Georgia Students Learn Pre-Engineering as They Revamp Shipping Containers for Haiti (Youth Today, Georgia)

Marietta High School students in the school’s civil engineering club and afterschool design class are designing a community center out of shipping containers to help communities in Haiti. The designs will include features like solar panels, a rainwater harvesting system and a waste recycling system. Teacher Leon Grant and local architects will work with students to build the structures, while also teaching basic engineering principles. “I want a creative environment where young people can utilize [the math and science] they learn,” Grant told Youth Today. While the designs will be sent along to Haiti, the structure will remain at the school as an innovation laboratory for future students.

Green Bay's Boys & Girls Club to Open College and Career Center (WFRV, Wisconsin)

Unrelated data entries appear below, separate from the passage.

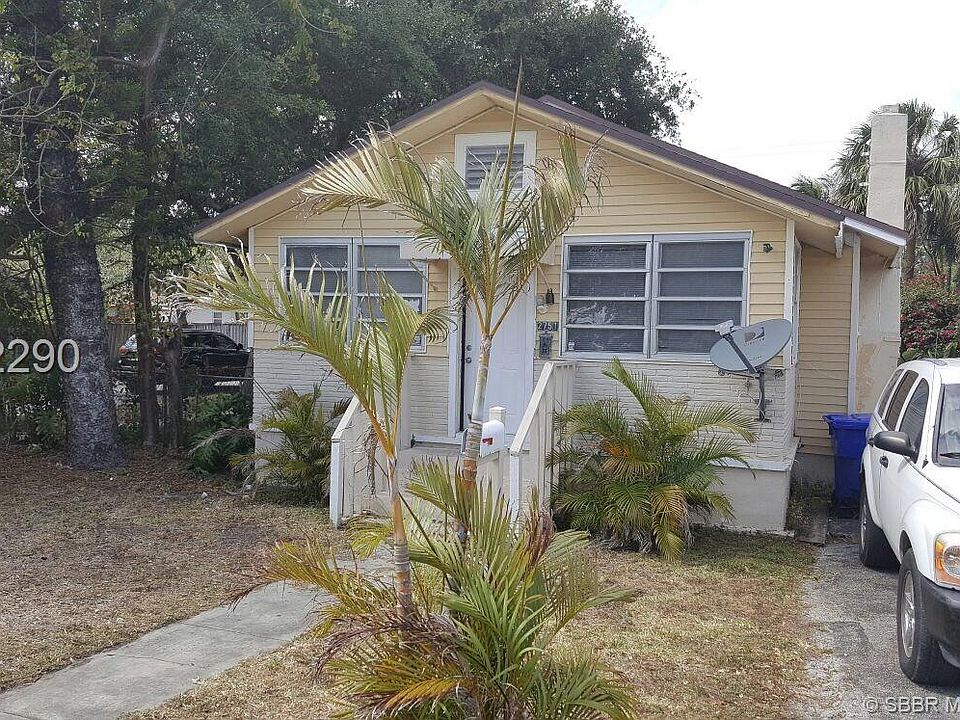 1st image of 2751 Dewey St #0
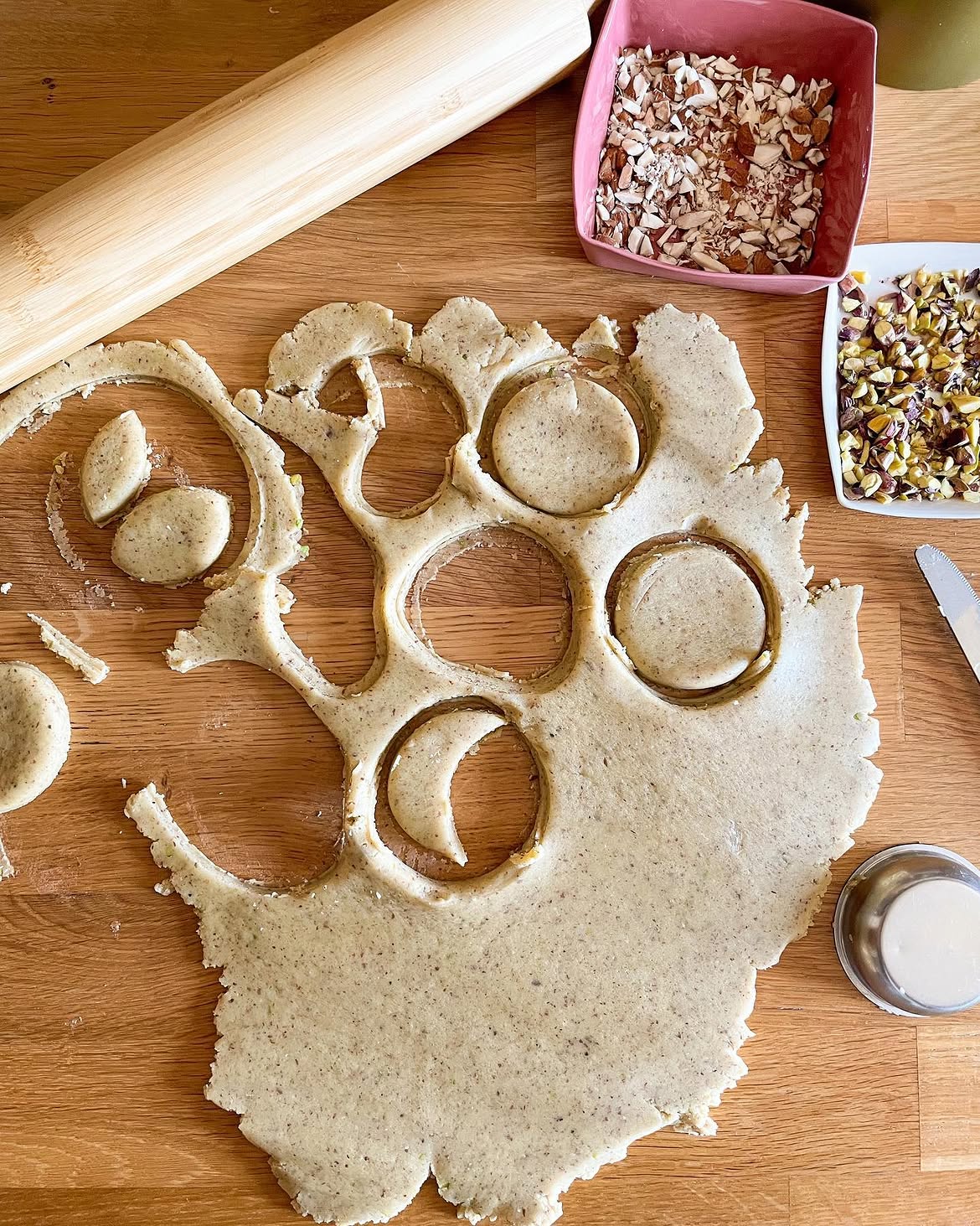 Bademli İtalyan Kurabiyesi Amaretti Hamur Kesme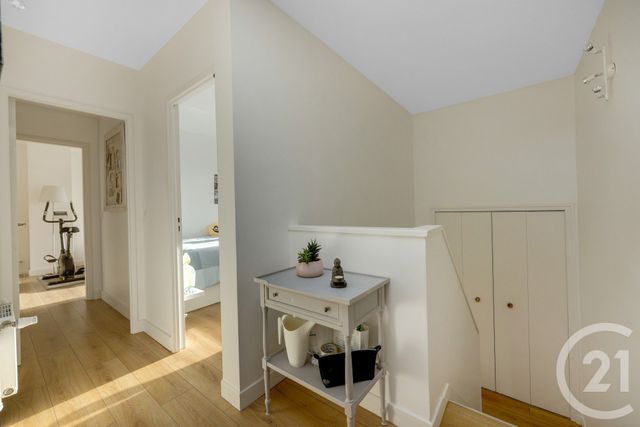 Appartement F6 à vendre - 6 pièces - 142.0 m2 - VERRIERES LE BUISSON - 91 - ILE-DE-FRANCE - Century 21 Côté Ecrivains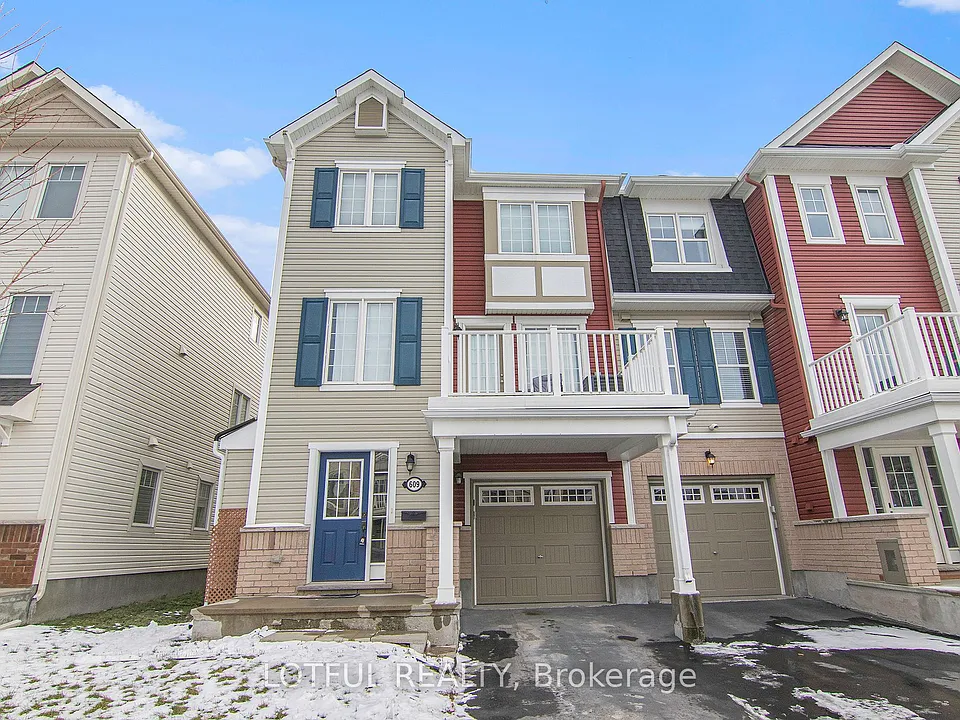 609 Foxlight Cir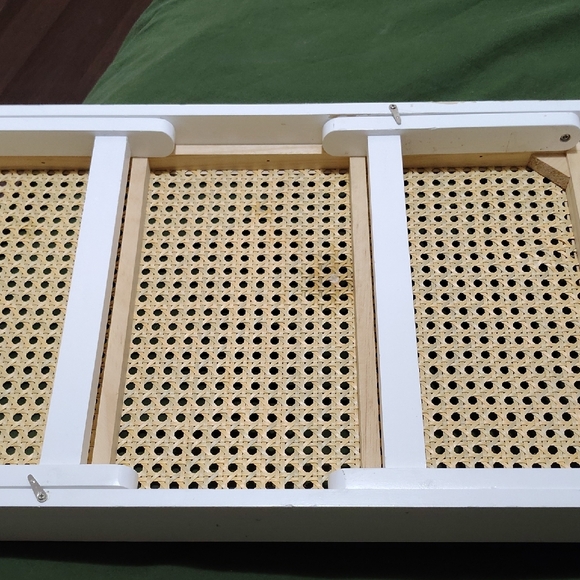 Wicker Top Breakfast In Bed Tray in White and Natural Cane - Picture 4 of 6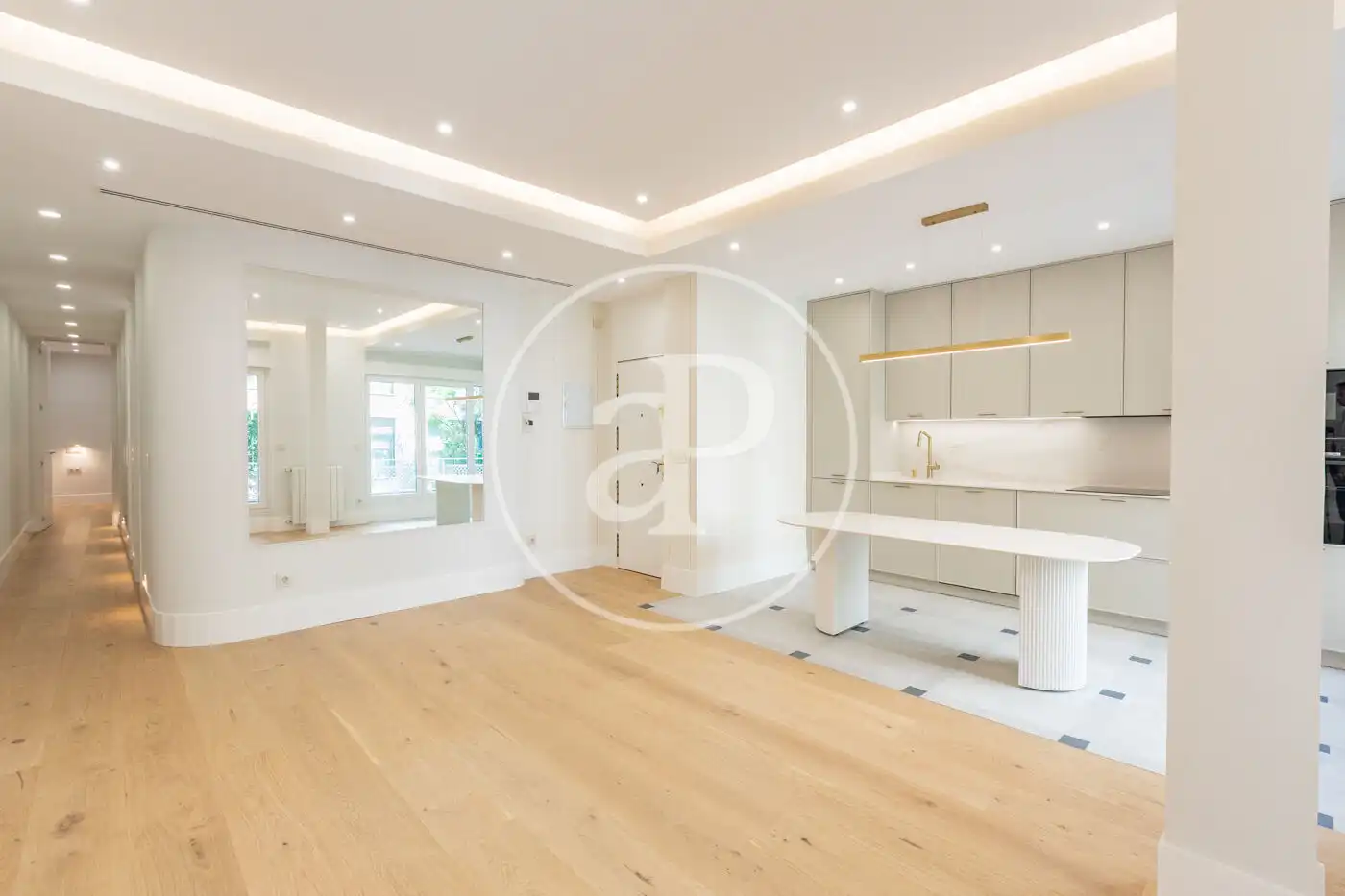Living room of Flat for sale in Madrid  with Air Conditioner and Heating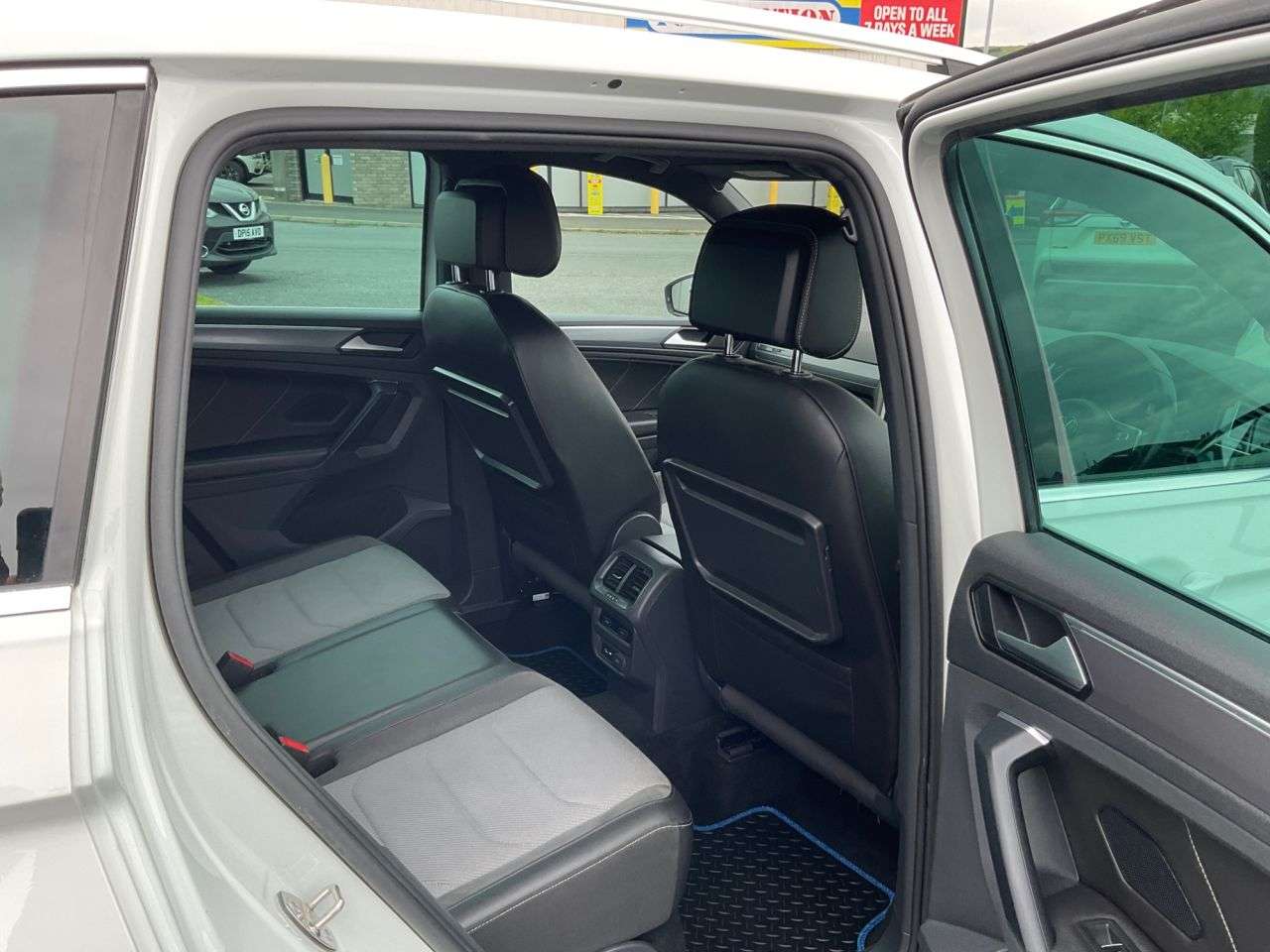 2019 VOLKSWAGEN TIGUAN 2019 VOLKSWAGEN TIGUAN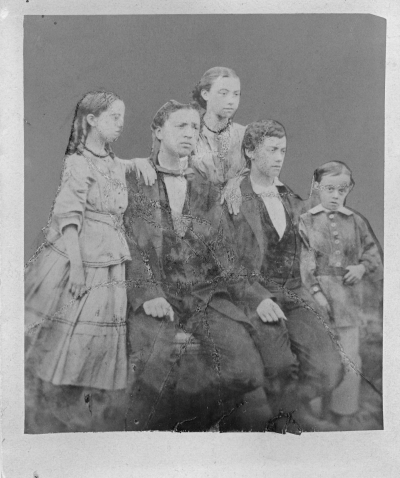 Till moder Augusta från Herman Rosin. Umeå 1879.  Syskonen Rosin, barn till lantmätare Mathias Rosin Vimmerby och hans maka Augusta  född Malmgren. Från vänster Sigrid född sept. 1849   Herman född 1 dec. 1841,  Laura född 19 dec. 1845,  Wilhelm född 25 nov. 1843,  Bernhard född 24 juni 1852.  Med hälsningar från Gunvor - Rosin - Danielsson.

Last Friday, the Boys & Girls Club of Greater Green Bay opened their new College and Career Center for Teens to give young people a safe space to learn and explore future job opportunities. "Teens get a bad reputation, but they are up against some horrific odds. So, we knew a space needed to be made just for them where they can feel heard, motivated, encouraged, and like someone believes in them,” Club Director of Communications Stephanie Nespoli told WFRV. The center will offer internship and job placement services; provide free tutoring, job training, workforce etiquette lessons and academic mentoring; and give students the chance to listen to guest speakers, go on college visits and shadow adults in various industries.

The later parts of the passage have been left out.